Your colleagues have identified five of the most common missteps and offer their best advice for steering clear of them.
Published: 12/06/2016

By Mary Ellen Flannery

Mary Modder was student teaching in Silver Lake, Wisconsin, when the school nurses came to deliver “the talk” with her eighth-graders. She recalls that the principal said students might have questions afterward and teachers should be open and honest in their responses. So when one girl asked about contractions, Modder tried her best. She told all about her son’s birth and the necessary role of contractions.

That child listened politely and then asked again, more specifically, about the uses of isn’t, wasn’t, can’t, don’t, etc., for her language arts assignment. Modder’s mistake? Assuming too much.

All new teachers make mistakes—and not all are so funny! But keep this in mind: All experienced teachers do, too. The point is to avoid the worst and learn from those missteps you’ll inevitably make anyway. With that in mind, your more experienced colleagues have identified five of the most common missteps and offer their best advice for steering clear of them.

Taking it too personally…

Some sweetheart in the back row tells you that you’re the worst teacher he’s had in his life. Your class is BOH-ring! Like, totally irrelevant. And, half the time your assignments don’t even make sense, at all.

Now, maybe you’re a tough guy and you think, kid… you’re really pushing your luck today. Or maybe you’re a Mr. Softee and you just think, “I will not cry! I will not cry!” Either way, you can’t take the irritating things that students (or parents) say and do personally.

“With experience, you realize that taking things personally is a mistake, because not only are those things not meant to be taken personally, it will just wear you down too much if you do,” says Illinois teacher Jackie Quitter.

Consider that a student might have a legitimate beef—even if it has been offered offensively—and you may learn from it. NEA Today’s discipline expert Kate Ortiz suggests speaking directly, privately, to that student who shouts, “I am so bored!” Say you’re interested in becoming the best teacher you can be and would like to hear his suggestions.

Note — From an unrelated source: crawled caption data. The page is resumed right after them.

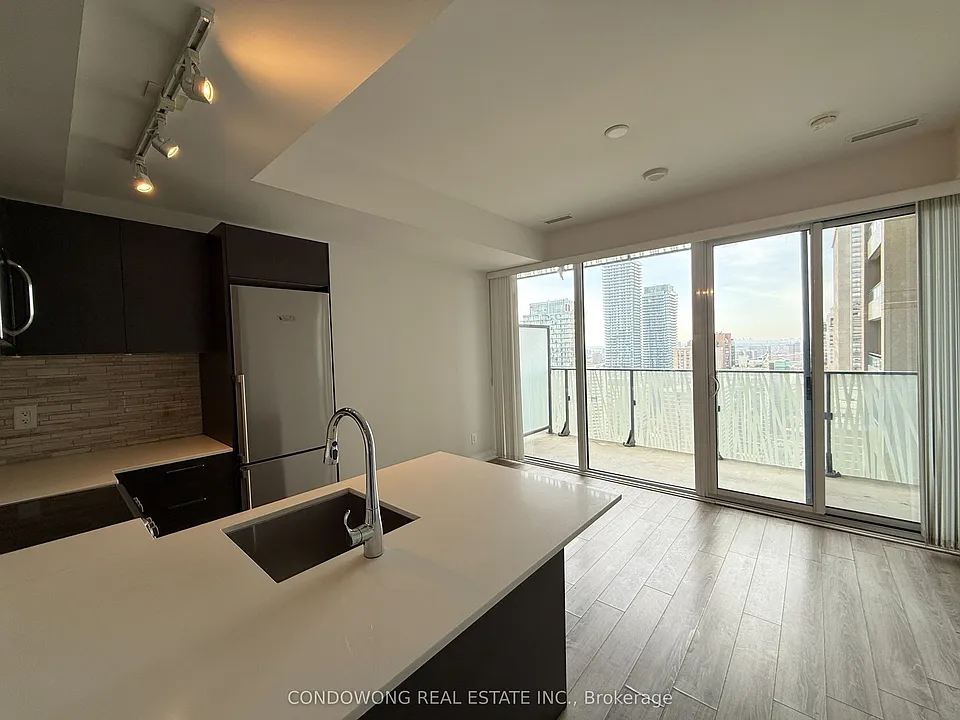 42 Charles St E #2805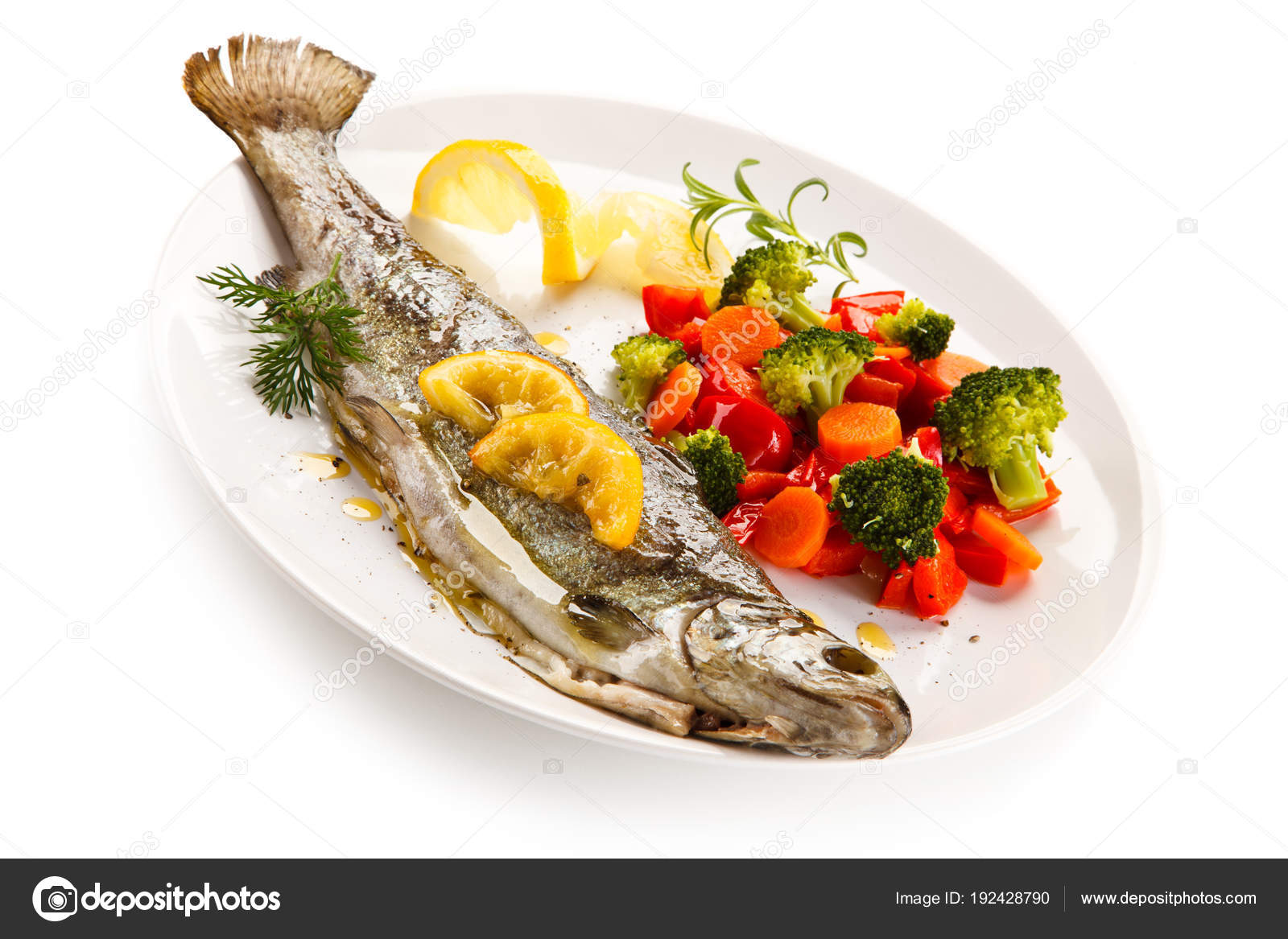 Vis Schotel Gebraden Forel Groenten Stockfoto C Gbh007 192428790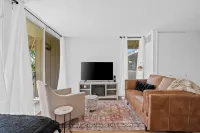 Bay Getaway, Cozy Studio Condominium in Daphne, AL - Sleeps 2 - Near Interstate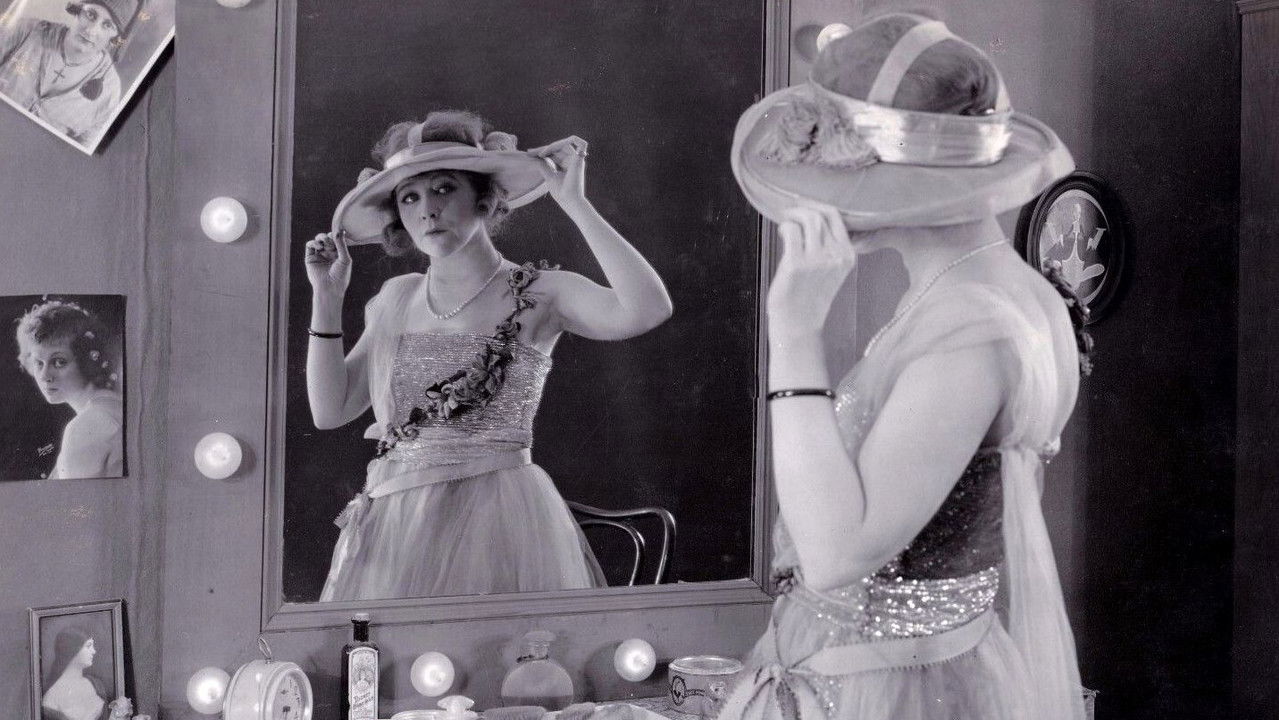 A City Sparrow backdrop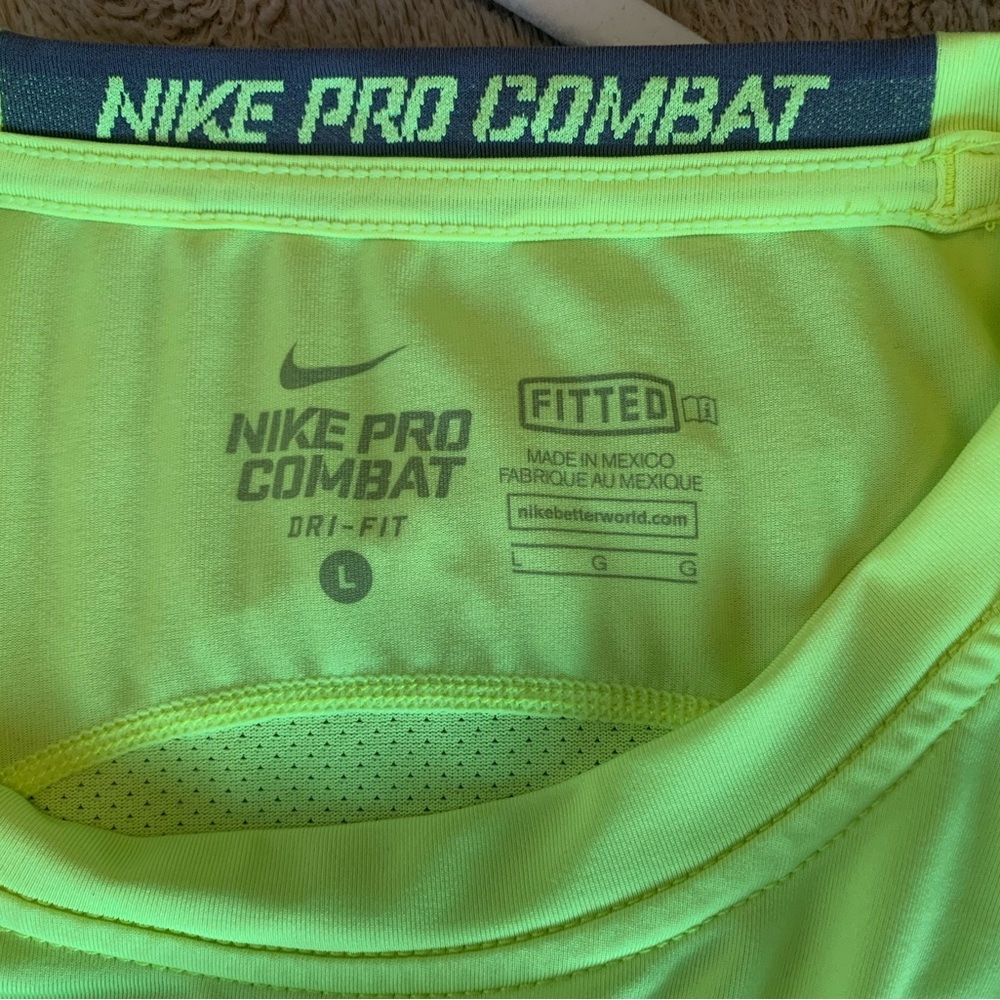 Nike Pro-Combat Shirt - Picture 2 of 3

In similar situations, Ortiz also has told students that they’re not required to “like” her class. But disruption won’t be tolerated, and they are required to do their work.

Also consider that a student’s comments or actions may reflect his problems, not yours. When a kid says he’s bored, for example, Ortiz notes that it may be because he’s actually not capable of doing the work. Sometimes students make comments because “they are hurting—not to attack you,” says Heidi Sagendorph Coffey, an alternative education teacher in New York. Same goes for parents. “You can be the best teacher ever … and you will still have parents who complain about you. A lot of times they’re having their own issues with life or the child,” says California teacher Valerie Barnes Doyel.

Her advice? “Just let it wash over you like water over a duck’s back, go on with your day, and be the best teacher you can be.”

The Superman complex

First there are the lesson plans—you need to write them. (Life’s mystery: why does it take 45 minutes to write a 30-minute lesson?) Then, there are the student papers—you need to read them, grade them. Parents must be called. Paperwork must be filled out. And then there’s the small matter of the upcoming benchmarks… So, when your assistant principal says, “We think you’d make a wonderful debate coach next semester and, oh, we’ve also got a slot for you on the school’s technology committee—and, hey, let’s just sign you up to chaperone prom, okay?” You do not say, “Hooray!”

You say, “How nice of you to think of me! But I really can’t right now.”

The truth is: You actually can’t do everything—and do it well. And, in your first few years of teaching, it might be best to concentrate your efforts on… well, teaching. “Don’t try to do it all,” warns Martha Patterson, an experienced Washington teacher. “It is okay to say no to chaperoning dances and organizing fundraisers. Remember you’ve been hired to teach.”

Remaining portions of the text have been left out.